ANTONIO BURGOS | EL RECUADRO


ABC de Sevilla,  9 de diciembre  de 2021
                               
 

Dar la vida por una hija

Leí la noticia como quizá usted, sin darle importancia. Una de tantas tragedias que, por repetidas, no nos sobrecogen: los fuegos domésticos en estos meses de frío. En San Bernardo se había producido de madrugada el incendio de la vivienda de una familia y los Bomberos habían conseguido salvar a "un varón de 74 años" en parada cardiorrespiratoria, tras 45 minutos de reanimación. También habían rescatado a su esposa, con graves quemaduras, y a su hija. El señor había sido trasladado a la UCI del Virgen del Rocío, así como su hija, y la esposa, al Virgen Macarena. No le di la menor importancia a la noticia, hasta que ya avanzada la mañana me dijeron:

-- ¿Tú sabes de quién es la casa que ha ardido en San Bernardo? ¡De Cristóbal Pérez Saturnino y de Chelo Andrada-Vanderwilde su mujer! Están muy mal. Ardió la casa toda, y Cristóbal está en cuidados intensivos, en coma.

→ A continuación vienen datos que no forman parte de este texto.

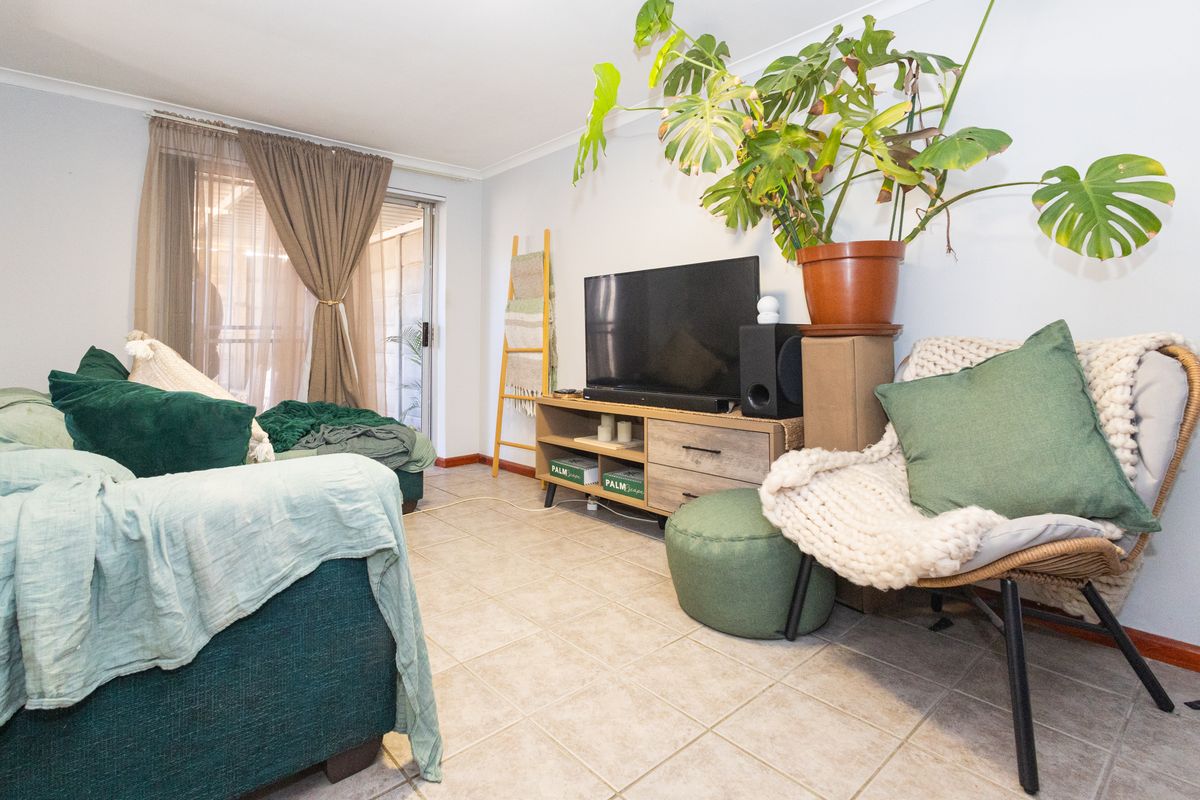 A living room featuring tiled flooring and a sliding glass door providing access to the exterior.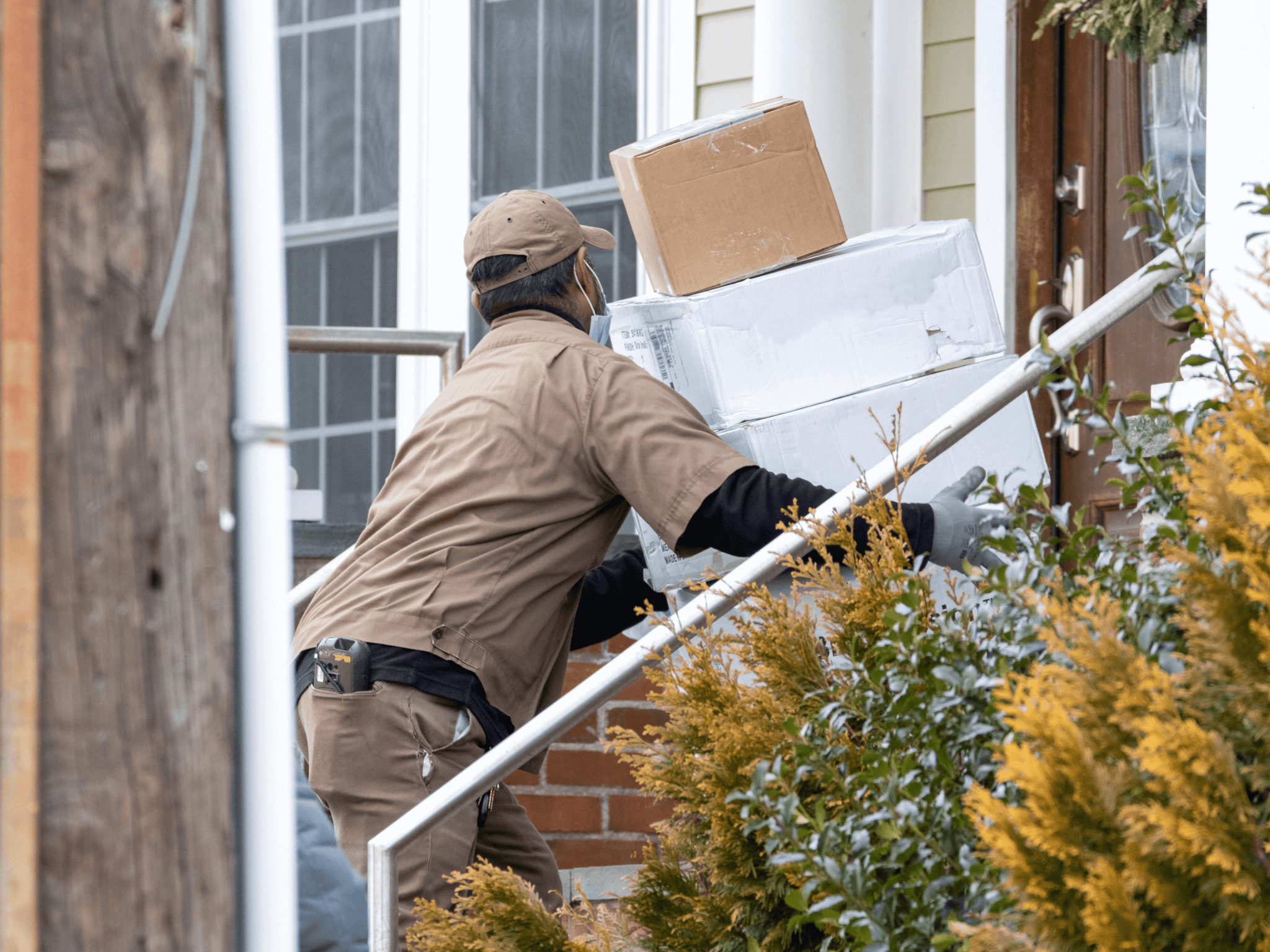 Man Delivering Large packages to home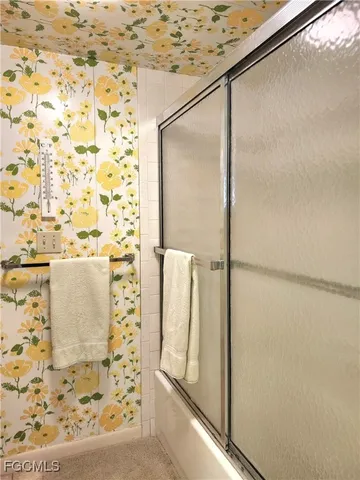 a bathroom with a shower and a mirror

Luego me fueron contando las circunstancias del fuego de la casa donde, ya casados sus otros hijos, Cristóbal y Chelo vivían con su hija Consuelo, disminuida: la niña de sus ojos. Fue de repente y de madrugada. Dormían y de pronto toda la casa se llenó de humo. Abrieron los balcones para que se fuera el humo, y las llamas hicieron el fatal efecto chimenea. Todo el esfuerzo de Cristóbal y de Chelo era sacar a Consuelo, a su hija disminuida, de aquel verdadero infierno, que olía a infierno, con las llamas de un barroco retablo de Ánimas. Con todo lo alto y fuerte que era, Cristóbal intentó inútilmente sacar a su hija de aquel infierno, arrastrándola, hasta que por aspiración del humo y por el esfuerzo, cuyó redondo, en parada cardiorrespiratoria. Hasta que al punto llegaron los Bomberos y tras ímprobos esfuerzos le devolvieron las constantes vitales tras insistentes minutos de reanimación.

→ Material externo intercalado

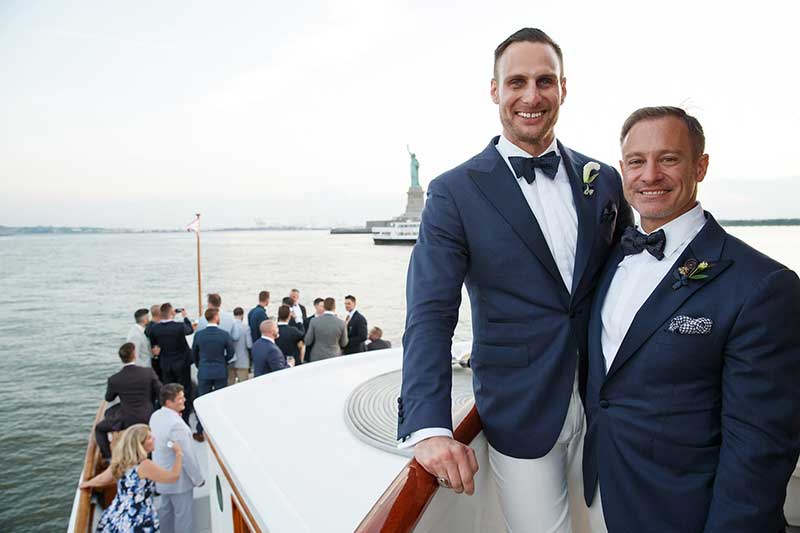 Destination wedding photographer Laurie Rhodes captures Brian and David with Statue of Liberty in the background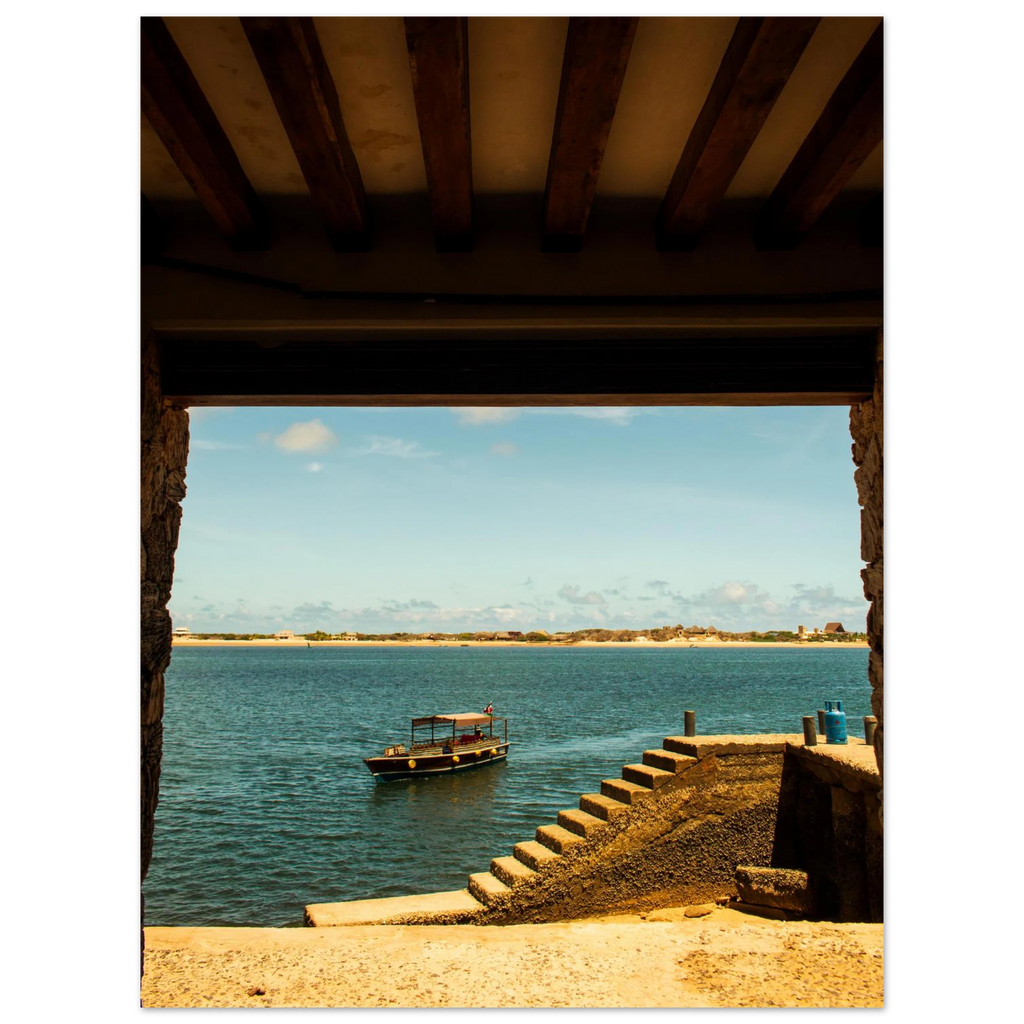 View of a dock with a boat on a body of water, framed by wooden beams.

Terrible. Me acordé del amor de Cristóbal y Chelo por su hija Consuelo. Y cuando nos llegaban tan desesperanzadas noticias de la UCI, sin querer pensar en lo peor, que después ocurrió, evoqué tantos buenos ratos con ellos en una boda real en Belgrado o en casa de mi hermana Josefina en El Rocío, fuera de la romería, al calor invernal de la chimenea y unas migas. Cristóbal no se daba importancia en su trabajo como uno de los principales exportadores de naranjas en Sevilla, producidas en el cortijo de El Sequero, en Coria del Río. No era Cristóbal un tópico señorito del campo, sino un callado y esforzado exportador productor de riqueza, abastecedor de naranjas a cadenas de supermercados alemanes, sin presumir de nada. Sólo de bondad, de amistad, de ganas de agradar a sus amigos, entre los que tuve el honor de contarme. Y de cuidar a la niña de sus ojos. Por la que, arrastrándose entre el humo y las llamas y tirando de ella para sacarla, llegó a dar su propia vida. La mayor renuncia de amor de un padre fue la de Cristóbal Pérez Saturnino: dio su propia vida para salvar la de su hija. Ahora lo veo con su sonrisa, su bondad, su modestia, su alegría, su dedicación a la familia. Su fe. Su España. Cuando nos alcanzaba la pena en el tanatorio de San Jerónimo al decirle adiós, sonó "La muerte no es el final". Para Cristóbal la muerte fue la luz perpetua y ejemplar de su propia vida para salvar a su hija.